House Bill 168 has been signed by Gov. Kay Ivey.

Craft breweries and entertainment districts

Senate Bill 276, sponsored by Rodger Smitherman, D-Birmingham, and Neil Rafferty, D-Birmingham, allows craft breweries and or businesses that have an in-house tap room to be included in participating in an entertainment district. In specified entertainment districts, patrons are allowed to carry open drinks.

It has been sent to the governor for signature.

Infused Spirits

House Bill 46 from Rep. Chris England, allows on-premise retail licensed bars to produce, store and sell infused products made from distilled spirits for on-site consumption.

It has been sent to the governor.

Local legislation

The city of Oxford will now have a local referendum to see if residents want to allow Sunday alcohol sales.

Rep.

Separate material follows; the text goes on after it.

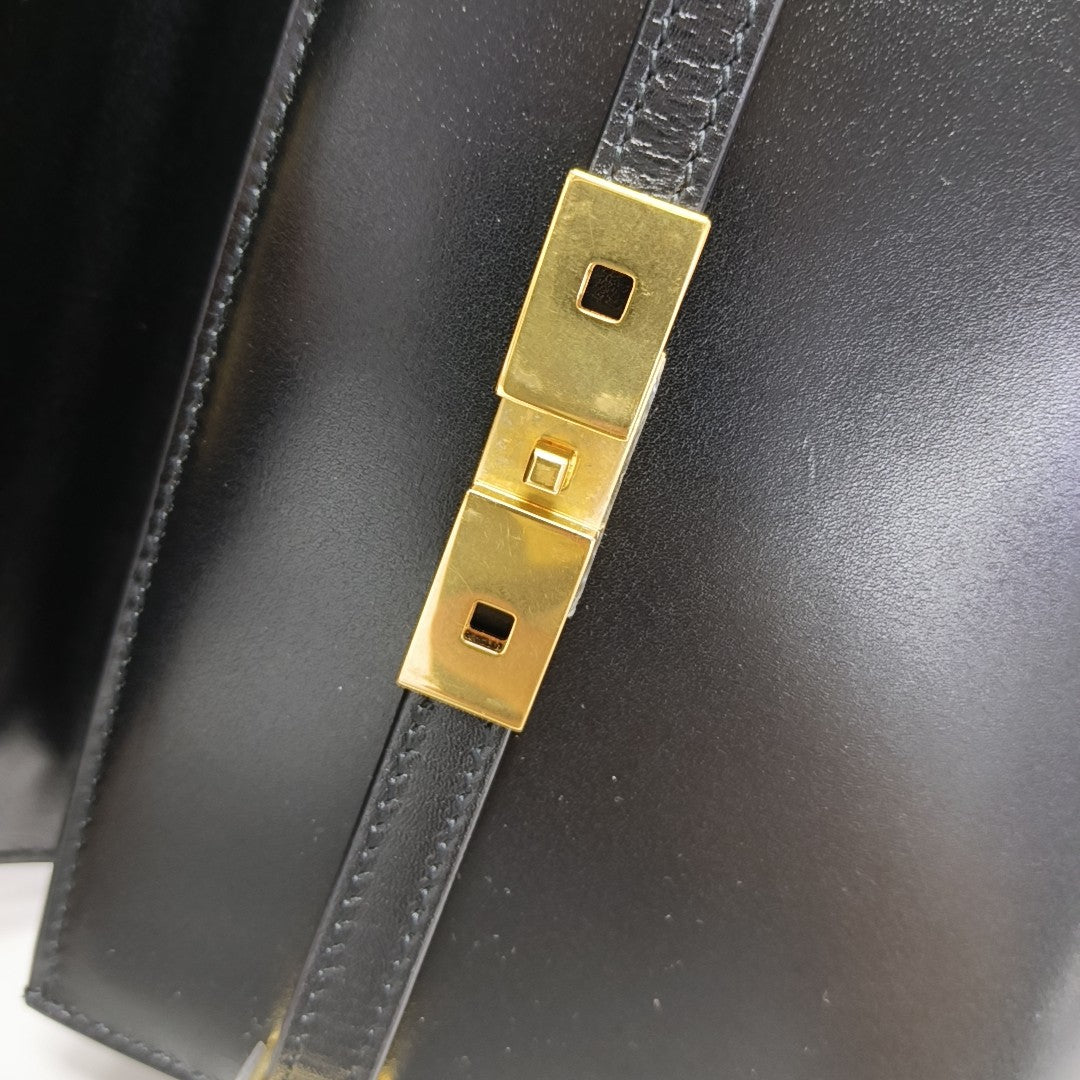 MANHATTAN Mini Calfskin Black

K. L. Brown, R-Jacksonville, said because Oxford is close to the Talladega Superspeedway, which attracts tourists, city council wanted to see local legislation passed concerning Sunday sales.

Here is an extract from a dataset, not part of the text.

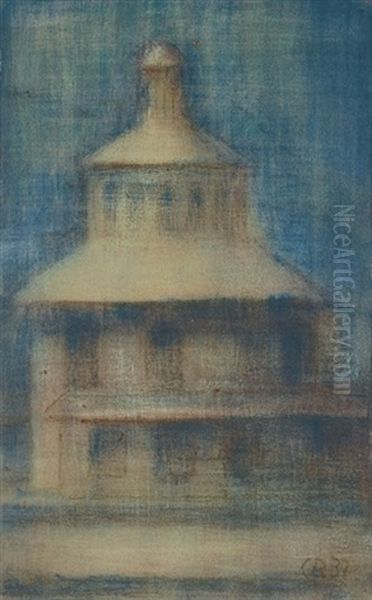 Kirche In Brissago Oil Painting by Christian Rohlfs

“We have people from all over the world come in here so I have heard some displeasure from people about not being able to buy beer after the race and I think the big box stores have also pushed this matter as well,” Brown said. “Because if people buy groceries on Sunday they can just go ahead and buy their beer at the Publix or Sam’s when they’re shopping as well.”

Rep. Lynn Greer, R-Rogersville, sponsored a bill to allow the town of Lexington in Lauderdale County to have alcohol sales every day of the week except for Sundays. Voters in Lexington first have to approve this measure which will be on the ballot during the next municipal election.

A bill from Rep. Bobby Singleton, D-Greensboro, now allows licensed retailers in the city of Moundville in Hale County to sell draft or keg beer, as well as malt beverages. It has been signed by the governor.

The cities of Mountain Brook and Hoover will now be able to start selling alcohol on Sunday at 10 a.m. thanks to bills from Sen. Jabo Waggoner, R-Birmingham. The governor has signed both.

What didn’t pass

Wine Shipment

Rep. Terri Collins, R-Decatur, sponsored a bill, HB 350, that would allow people to ship wine directly to their homes.

It was passed by the House but never made it to the Senate floor after Sen. Waggoner issued a resolution to create a task force to study wine shipments in the state. Collins told Alabama Daily News that the Alcoholic Beverage Control Board withdrew its support from her bill once that resolution was passed.

Collins said that she was irritated to see her bill die but plans to sponsor it every year until it passes.

“It was very frustrating to see the support in the House and then not get it even heard in the Senate,” Collins said.  “I accepted a compromise from the ABC and thought I had their support which they then withdrew. I thought this was a very good bill and I made a lot of compromises that I don’t plan on making next year when I bring this bill back up again.”

Some of the compromises Collins accepted changed the limit of cases monthly from two cases per person to one case per household and added a $200 application fee for the manufactures and a $50 reapplication fee.

Bills from Nordgren

Multiple alcohol-related bills from Rep. Becky Nordgren, R-Gadsden, died during the session.

House Bill 151 would have removed the requirement that a brewpub has to be located in a historical or economically distressed area and operate a restaurant or otherwise provide food. It would also increase the limit on how much beer a brewpub may produce annually.

House Bill 542 would have allowed places with on-site tasting rooms to not only sell their own alcoholic beverages they make on-site but also sell other beverages made by manufacturers in the state.